(DATA SUPPLIED Opens)
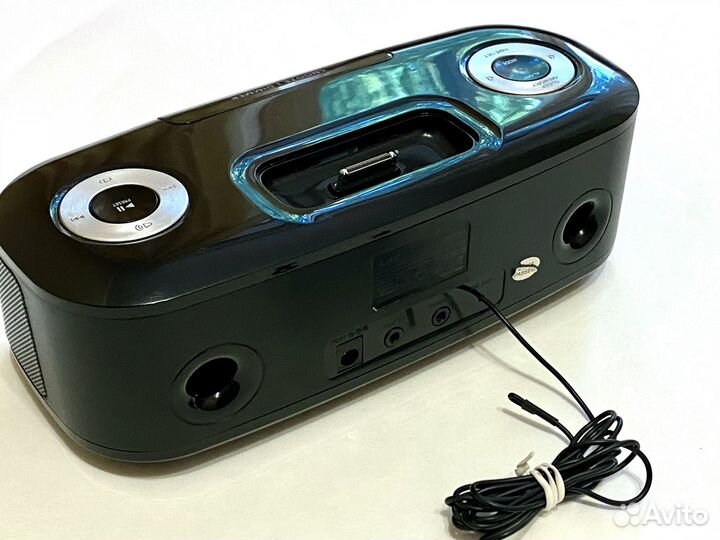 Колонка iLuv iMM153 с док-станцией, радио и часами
(DATA SUPPLIED Closes)
(DATA SUPPLIED Opens)
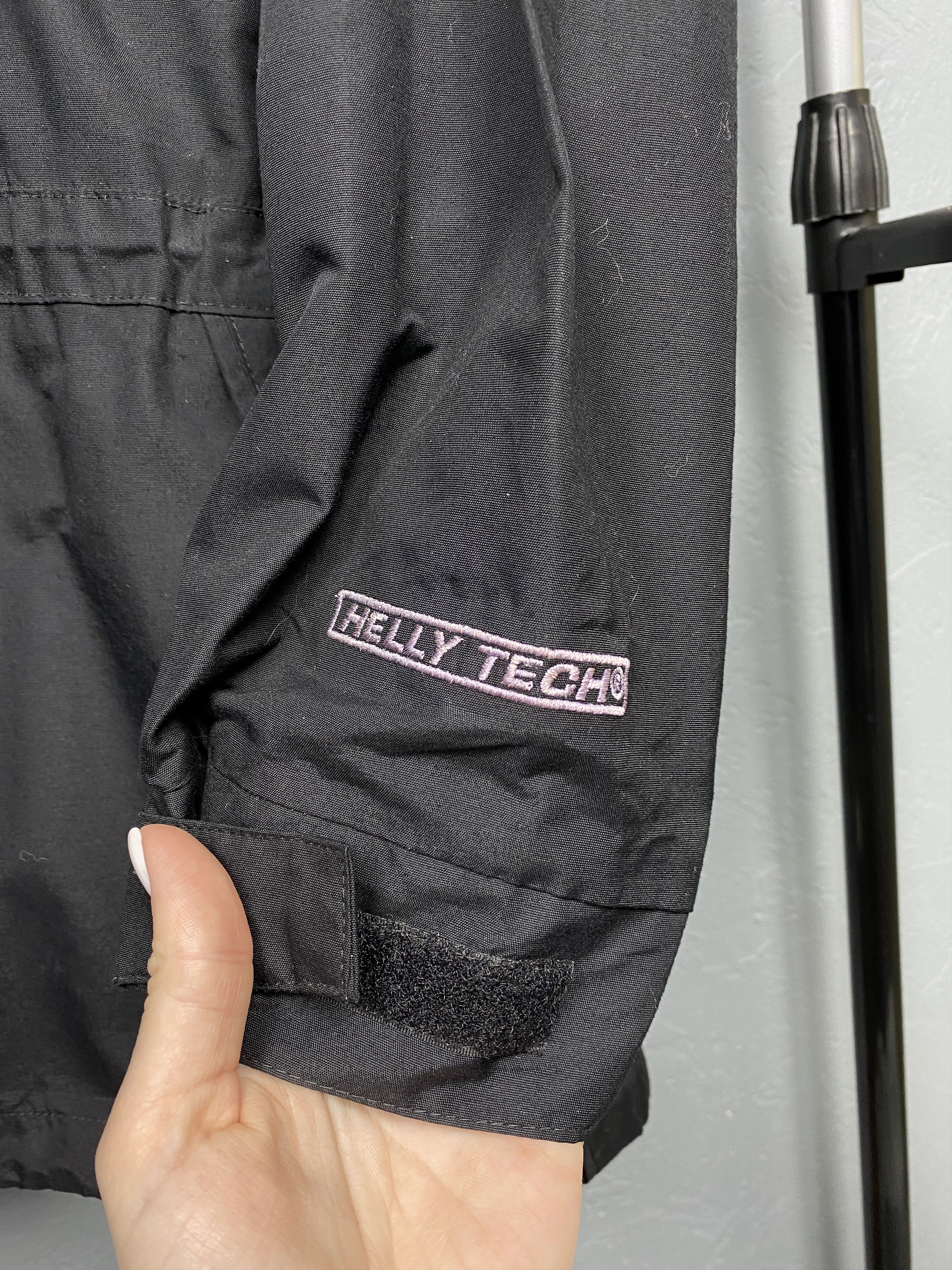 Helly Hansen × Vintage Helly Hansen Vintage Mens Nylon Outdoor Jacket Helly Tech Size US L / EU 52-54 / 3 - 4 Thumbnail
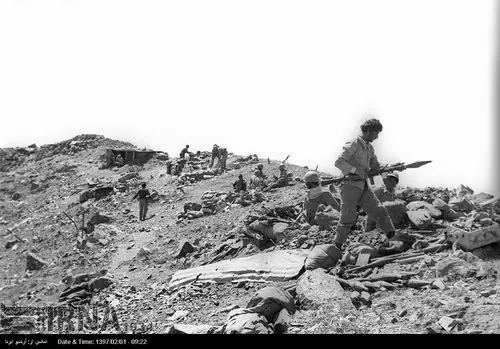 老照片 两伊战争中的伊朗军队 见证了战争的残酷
(DATA SUPPLIED Closes)
(DATA SUPPLIED Opens)
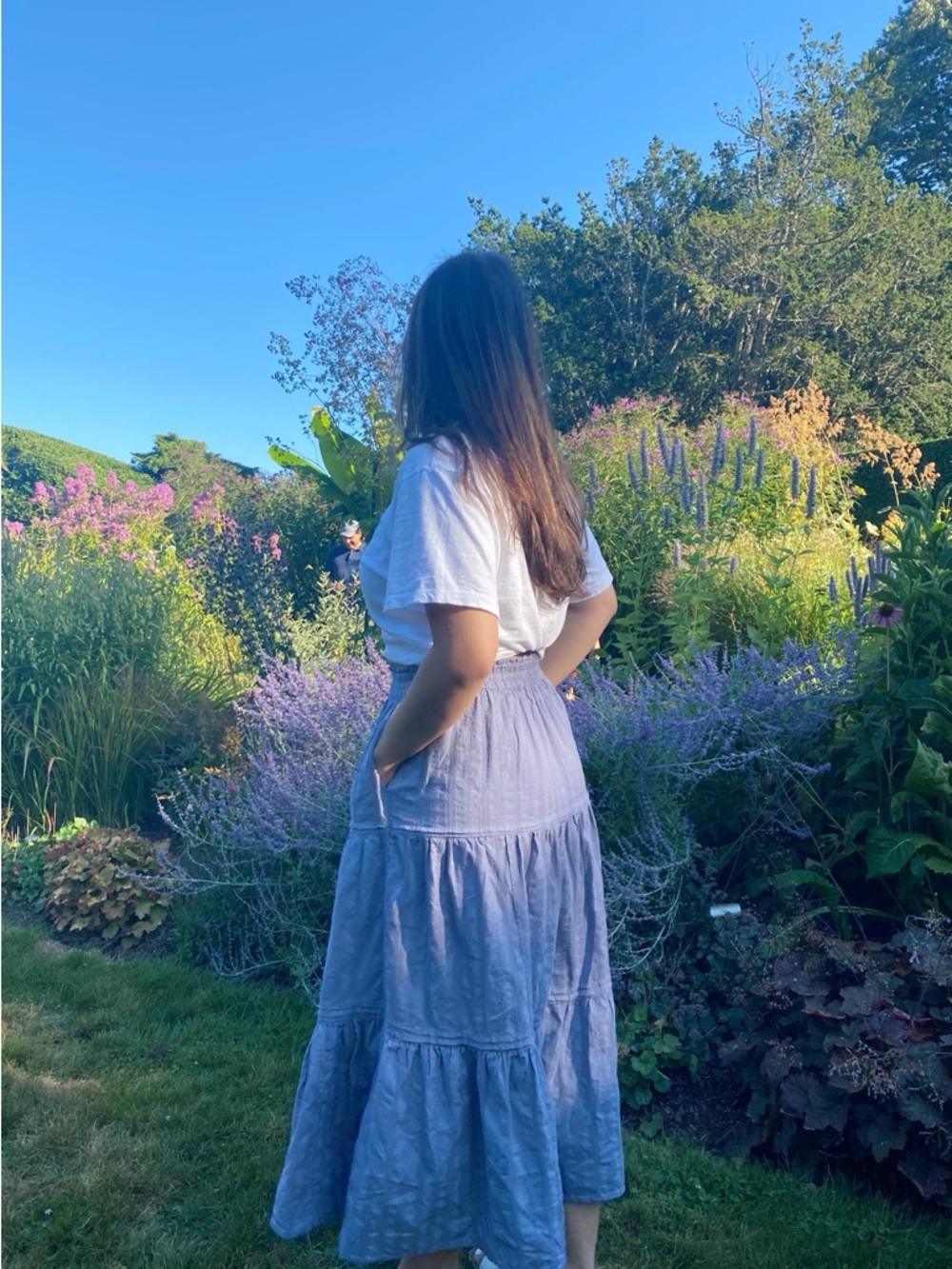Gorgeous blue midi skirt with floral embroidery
(DATA SUPPLIED Closes)
- WORK TO COMPLETE:
Although the records hold pictures, the copy must not; give again exactly the lines from the one with "Helly Hansen ×" through the one with "老照片 两伊战争中的伊朗军队 见证了战争的残酷".

- COMPLETED TASK:
 Helly Hansen × Vintage Helly Hansen Vintage Mens Nylon Outdoor Jacket Helly Tech Size US L / EU 52-54 / 3 - 4 Thumbnail
 老照片 两伊战争中的伊朗军队 见证了战争的残酷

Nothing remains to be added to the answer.